O controle das ações ordinárias permite ao governo mudar o presidente da Petrobras, como Bolsonaro está fazendo agora pela segunda vez no seu governo, e influenciar em decisões estratégicas. Mas não pode submeter a corporação ao imediatismo das políticas macroeconômicas e dos seus interesses eleitorais, sob pena de provocar redução dos resultados, queda do valor patrimonial e dificuldades de financiamento dos seus investimentos. Além de prováveis aberturas de processos jurídicos em fóruns internacionais por parte dos grandes acionistas que vão argumentar que foram lesados pela gestão fraudulenta da corporação.

Os dois candidatos à presidência da República que lideram as pesquisas - Lula e Bolsonaro – têm o mesmo desvio populista e voluntarista: ignorar que a Petrobras é uma empresa de capital aberto que atua num mercado mundial de commodities e submeter a gestão da corporação aos objetivos macroeconômicos dos seus governos e aos interesses político-eleitorais. Quando percebe os limites, Bolsonaro ameaça com a privatização. E quando Lula afirma que a empresa não pode orientar sua política de preços pelos acionistas e, sim, pelo povo brasileiro, parece sugerir a estatização da Petrobras. Mais ou menos como já insinuou Ciro Gomes, outro candidato à presidência, afirmando que compraria as ações dos acionistas que não gostassem da política de preços que imporia à Petrobras se viesse a ser presidente. Ninguém sabe de onde ele iria tirar tanto dinheiro para comprar estas ações (dos já escassos recursos públicos para as políticas de desenvolvimento?).

Se a privatização da Petrobras é discutível e politicamente inviável, uma meia estatização, como parece implícito nas propostas de Lula e Ciro, tem tudo para comprometer a competitividade da empresa e a capacidade de financiamento dos seus investimentos. O que significa dificuldades para o aumento da produção e da produtividade e, portanto, da geração de royalties e receita pública e dos dividendos distribuídos ao Estado brasileiro.
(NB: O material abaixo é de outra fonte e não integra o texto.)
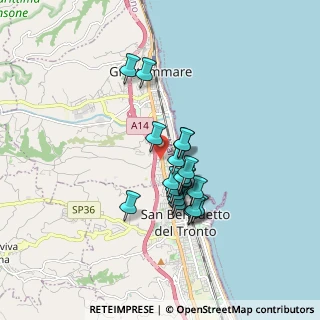 Mappa Via S. Donato, 63066 Grottammare AP, Italia (1.3605)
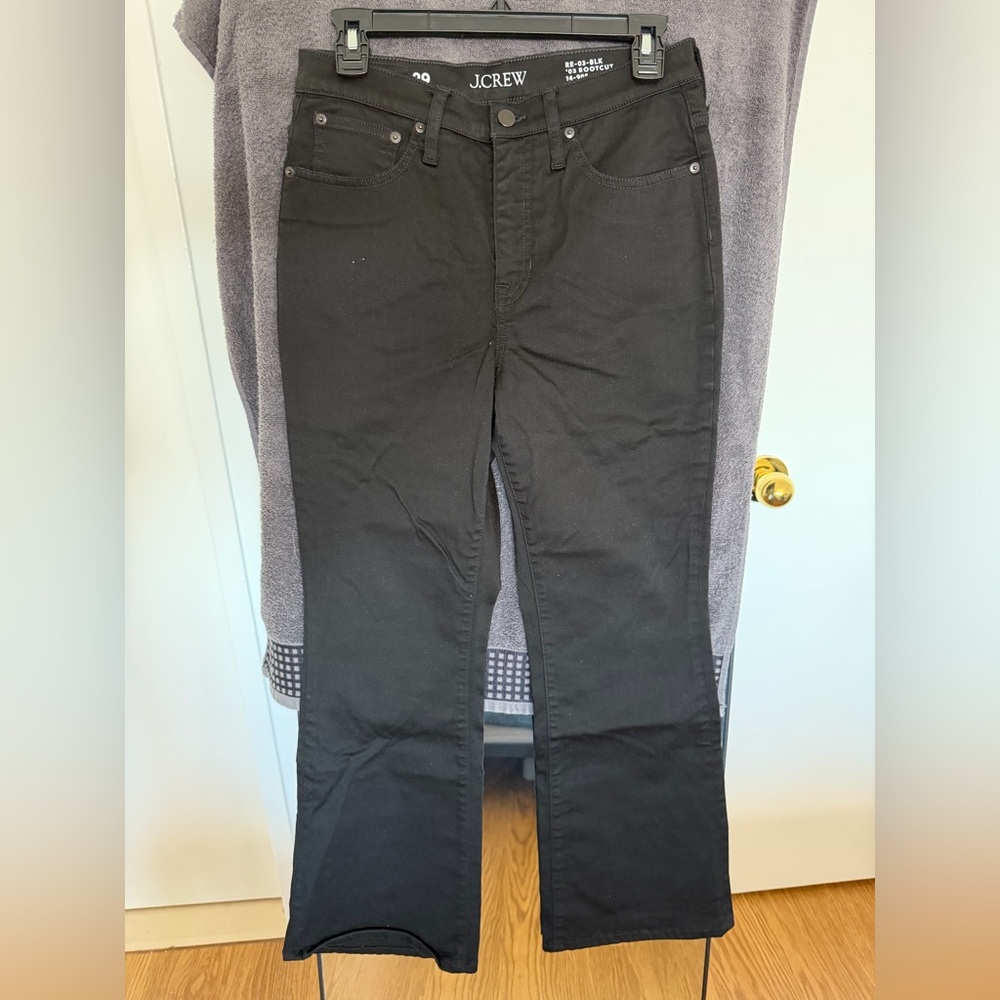 J.Crew Women's Black Boot-Cut Jeans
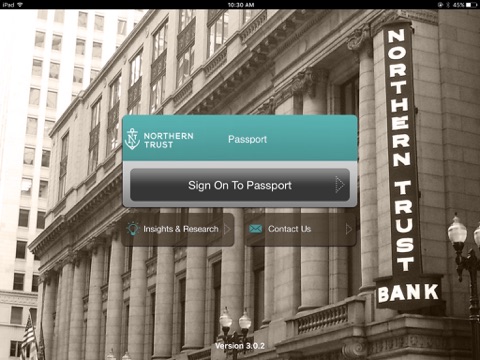 Institutional Passport screenshot 2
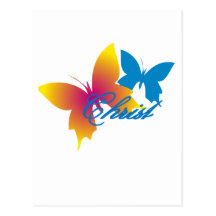 Le Christ Papillon Carte Postale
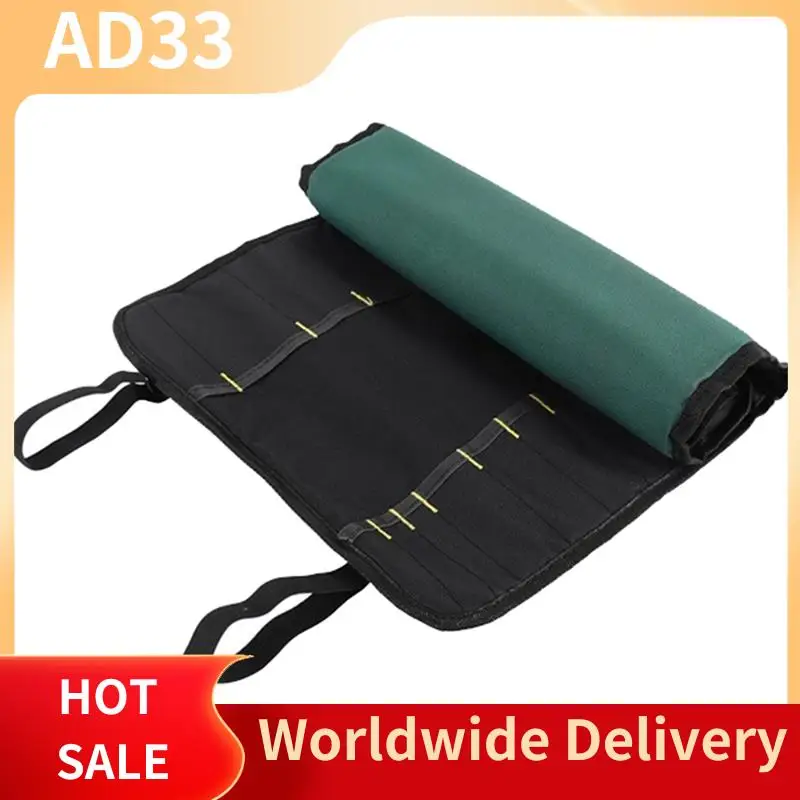 As melhores ofertas 1 pçs multifuncional à prova dwaterproof água oxford pano dobrável rolo saco de armazenamento portátil saco de ferramentas chef faca saco de armazenamento 22 slo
Além do mais, ampliação do controle estatal da Petrobras aumentaria a permeabilidade da mais importante empresa brasileira à corrupção e ao empreguismo. O Brasil não merece isso. A Petrobras tem deve ser gerida com eficiência de uma grande corporação e, de preferência, dar lucro que alimenta as finanças públicas, com as quais, cabe aos governos cuidar do povo brasileiro e promover o desenvolvimento nacional. Assim como criar mecanismos, como os fundos públicos de regulação, para moderar os impactos da flutuação dos preços dos combustíveis. O resto é demagogia.